▸ YOUR OBJECTIVE
Examine each line of the listing below. Copy those in which the string "White" appears.

▸ DATA IN THIS EXERCISE

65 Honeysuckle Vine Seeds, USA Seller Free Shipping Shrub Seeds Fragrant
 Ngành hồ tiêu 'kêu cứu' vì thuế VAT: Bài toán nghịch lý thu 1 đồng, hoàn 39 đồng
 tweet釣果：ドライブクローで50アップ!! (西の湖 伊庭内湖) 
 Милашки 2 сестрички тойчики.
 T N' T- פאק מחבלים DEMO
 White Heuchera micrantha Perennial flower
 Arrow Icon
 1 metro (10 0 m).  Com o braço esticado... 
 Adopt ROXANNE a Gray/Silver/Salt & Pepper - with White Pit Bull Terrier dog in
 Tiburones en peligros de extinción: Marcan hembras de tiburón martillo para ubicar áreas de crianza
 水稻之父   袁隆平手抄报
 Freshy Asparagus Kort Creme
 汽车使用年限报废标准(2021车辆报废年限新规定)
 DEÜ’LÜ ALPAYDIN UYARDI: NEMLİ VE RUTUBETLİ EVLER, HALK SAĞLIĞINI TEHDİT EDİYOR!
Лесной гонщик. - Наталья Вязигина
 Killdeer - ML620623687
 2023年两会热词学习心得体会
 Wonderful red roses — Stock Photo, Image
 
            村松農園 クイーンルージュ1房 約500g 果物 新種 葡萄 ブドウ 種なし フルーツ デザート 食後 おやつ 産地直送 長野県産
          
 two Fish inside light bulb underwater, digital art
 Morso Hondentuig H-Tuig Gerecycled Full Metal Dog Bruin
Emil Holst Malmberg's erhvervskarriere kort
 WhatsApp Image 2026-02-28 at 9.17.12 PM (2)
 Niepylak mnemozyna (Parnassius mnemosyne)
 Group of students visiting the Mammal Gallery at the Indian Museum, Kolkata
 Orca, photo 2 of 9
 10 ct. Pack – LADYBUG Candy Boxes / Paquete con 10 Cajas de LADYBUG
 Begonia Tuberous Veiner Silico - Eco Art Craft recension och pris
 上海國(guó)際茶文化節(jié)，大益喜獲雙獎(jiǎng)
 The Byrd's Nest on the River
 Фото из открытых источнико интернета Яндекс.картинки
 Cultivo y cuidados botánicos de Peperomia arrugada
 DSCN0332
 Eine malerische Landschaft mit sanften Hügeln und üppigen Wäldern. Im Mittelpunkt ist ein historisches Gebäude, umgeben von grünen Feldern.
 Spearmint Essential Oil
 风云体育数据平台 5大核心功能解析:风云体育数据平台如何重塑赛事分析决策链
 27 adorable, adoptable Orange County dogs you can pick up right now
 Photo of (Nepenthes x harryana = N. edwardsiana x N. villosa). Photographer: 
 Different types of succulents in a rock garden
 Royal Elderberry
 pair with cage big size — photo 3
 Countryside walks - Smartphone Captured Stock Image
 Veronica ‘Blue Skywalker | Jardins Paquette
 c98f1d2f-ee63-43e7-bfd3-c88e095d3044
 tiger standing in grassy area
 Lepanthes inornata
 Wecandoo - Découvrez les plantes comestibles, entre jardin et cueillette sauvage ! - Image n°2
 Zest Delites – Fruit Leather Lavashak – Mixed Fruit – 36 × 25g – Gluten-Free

▸ WRITTEN SOLUTION
 White Heuchera micrantha Perennial flower
 Adopt ROXANNE a Gray/Silver/Salt & Pepper - with White Pit Bull Terrier dog in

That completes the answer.